Posted to: Education

Joenathan Barnes wanted to stay involved with his two sons' educations. They'd been home-schooled for years, and he wanted to be around when they switched to public school.

So Barnes joined the PTA at the boys' new school, Oscar Smith Middle. He liked it so much, he eventually became president of the Parent Teacher Student Association at Oscar Smith High.

Chris McCullough has a different story.

He became PTSA president at Salem High School two years ago. When he missed a meeting while on a business trip, his wife volunteered him for the job.

Luis Tamayo wound up as president of the Creekside Elementary PTA after his wife nominated him - "sort of as a joke," she says. T here were no other nominees.

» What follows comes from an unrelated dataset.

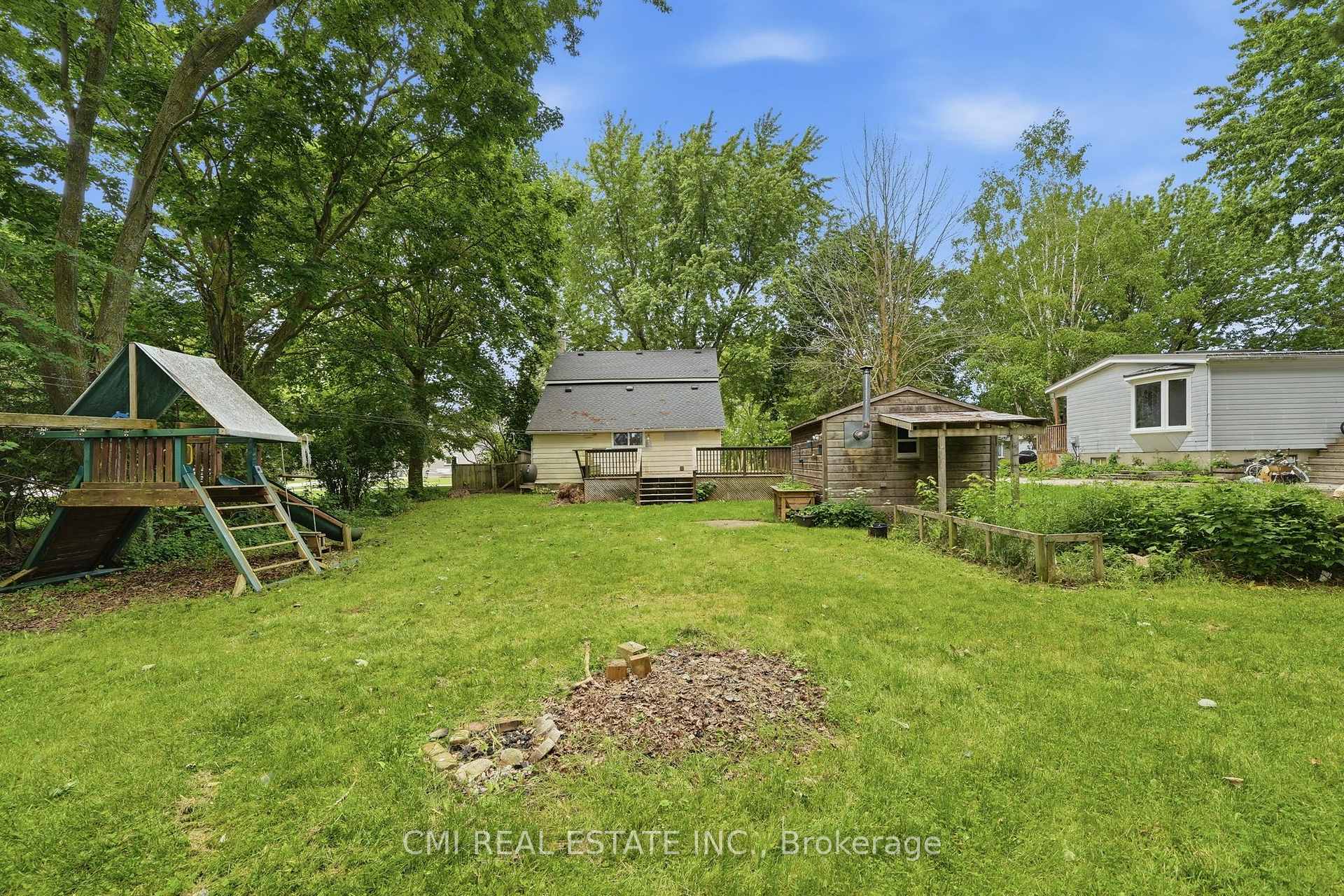 Photo 35 of 12 Argyle Street, Kincardine — HOMEH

Thus, the trio became part of a small group in Hampton Roads: male PTA and PTSA presidents.

"I would not have gotten involved in this at all had it not been for a missed meeting," McCullough said.

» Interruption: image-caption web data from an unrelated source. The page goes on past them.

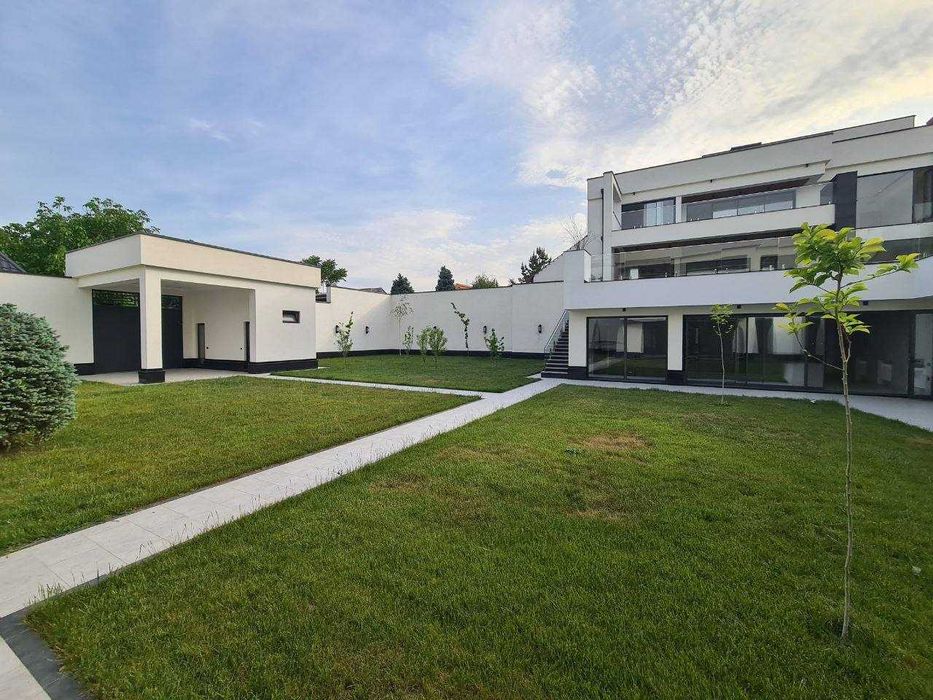 Продам ЕвроДом Центр Луначарского 15 соток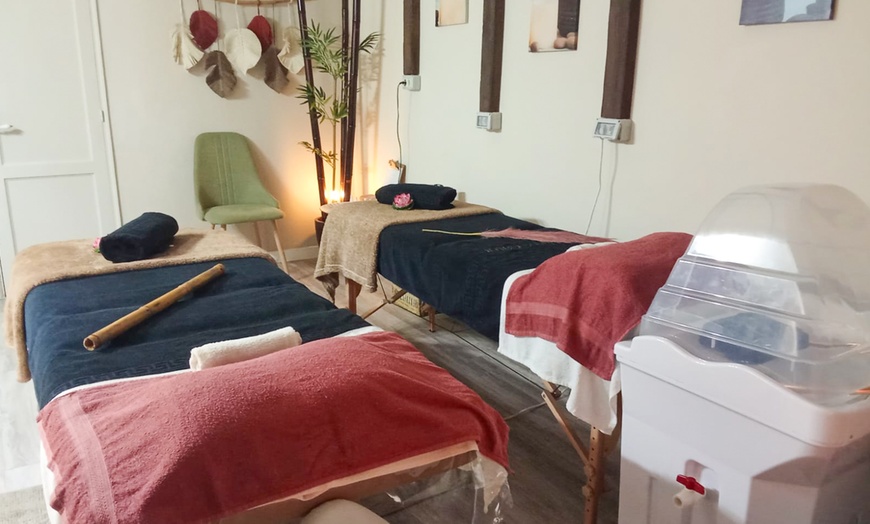 Image 2: Masaje de 25 o 50 minutos a elegir entre relajante o descontracturante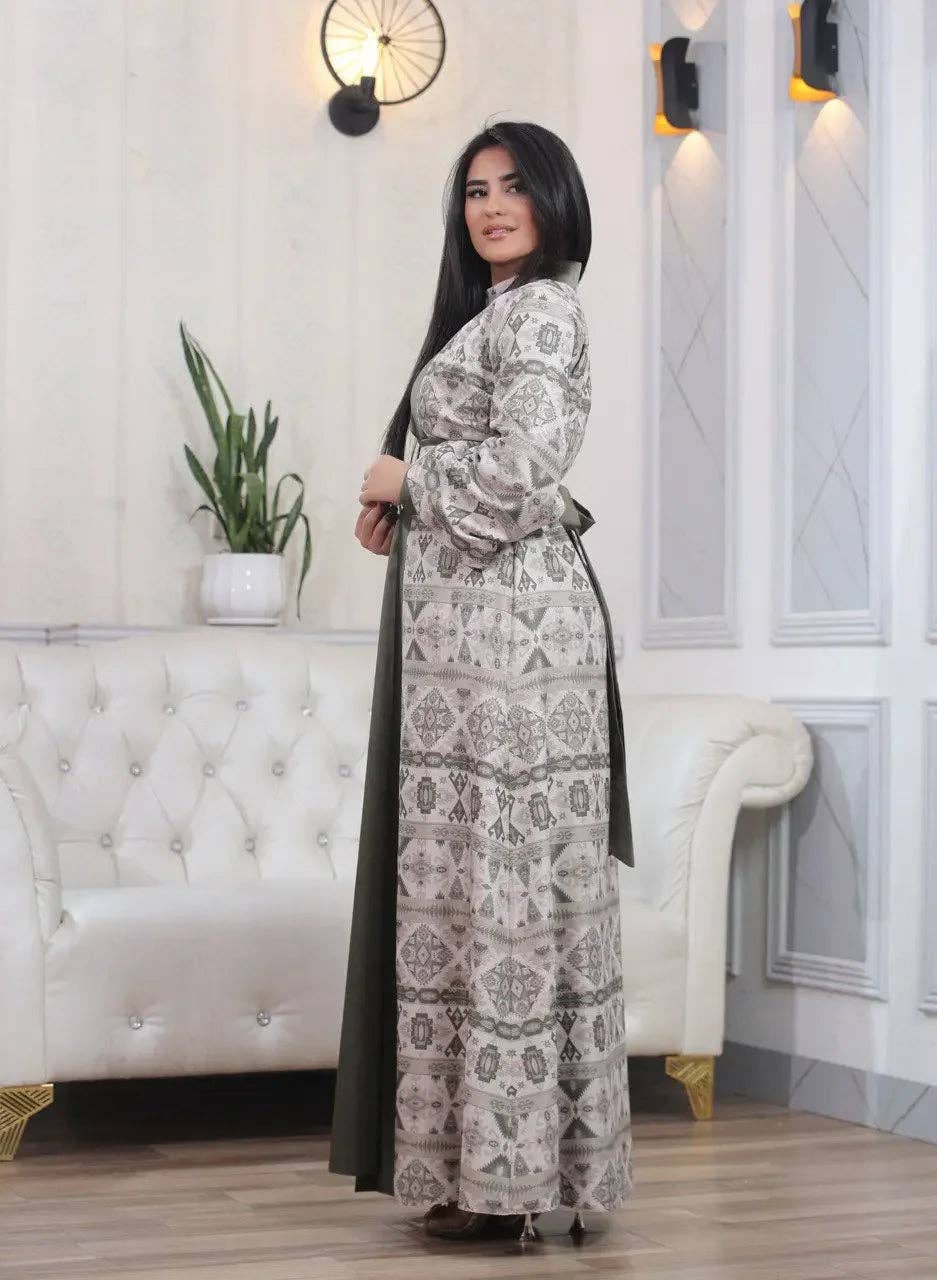 Palestinian Elegance - Wholesale Kaftan - Women's - Satin Silk Kaftan: Luxurious Comfort and Elegant Style4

No, this isn't the 1950s. Plenty of women work and

plenty of dads stay home. But the PTA still seems to be the domain of women - a place where Y chromosomes fear to tread.

"You know, ' It's for the wife, the PTA,' " Barnes said of the organization's image. " 'It's just a bunch of women getting together.' "

Almost every one of the approximately 200 schools in South Hampton Roads has a PTA. Exactly how many have male presidents is hard to determine. But if Chesapeake and Virginia Beach are typical, it's just a handful.

Six of Chesapeake's 45 schools had male PTA presidents during the past school year, a school spokesman said. Virginia Beach had 81 PTAs, with three to five male presidents, said Felicia Bailey, president of the Virginia Beach Council of PTAs.

At the state and national levels, the PTA is an advocacy organization, but at the local level, PTAs function mainly as fundraising arms that support programs and projects. Salem High School's PTSA, for example, threw an all-night graduation party for the seniors, to minimize the chances that students would be drinking and driving.

There's an aspect of the PTA that is true to stereotype, men involved say: Meetings can run long due to socializing. Sometimes lengthy - and occasionally impassioned - discussions go on, McCullough said, about such things as "whether we should get the red shirts with the black letters, or whether we should get the black shirts with the red letters."

B eing involved also gives men a way to support their children's schools, get to know their teachers and administrators, and meet people they otherwise wouldn't - even if it also means having to absorb an occasional wisecrack or two from a male buddy.

Founded in 1897, the PTA was then called the National Congress of Mothers. In a time when women did not have the right to vote, its founders - three women - believed that mothers needed a voice in discussions about political issues involving children.

The group's first president was a woman: Mrs. Frederic Schoff, elected in 1902. And they've been women ever since - until last weekend.

Charles Saylors became the head of the national PTA on Sunday. He's a vice president at a construction management company who said he hopes his election "will be a light-bulb moment" for other men who want to join the PTA. His presidency comes a year after the national PTA appointed its first-ever male CEO.

"It's been a mom-dominated organization," Saylors said. "That's the way it's always been... and that's not a bad thing. But what I'm hoping will happen is, men will see the role that I have," and reconsider.

When Barnes became PTSA president at Oscar Smith High, one of his goals was to recruit male s. He pushed dad-friendly activities such as the chain crew, in which male PTA members would help football officials measure first downs.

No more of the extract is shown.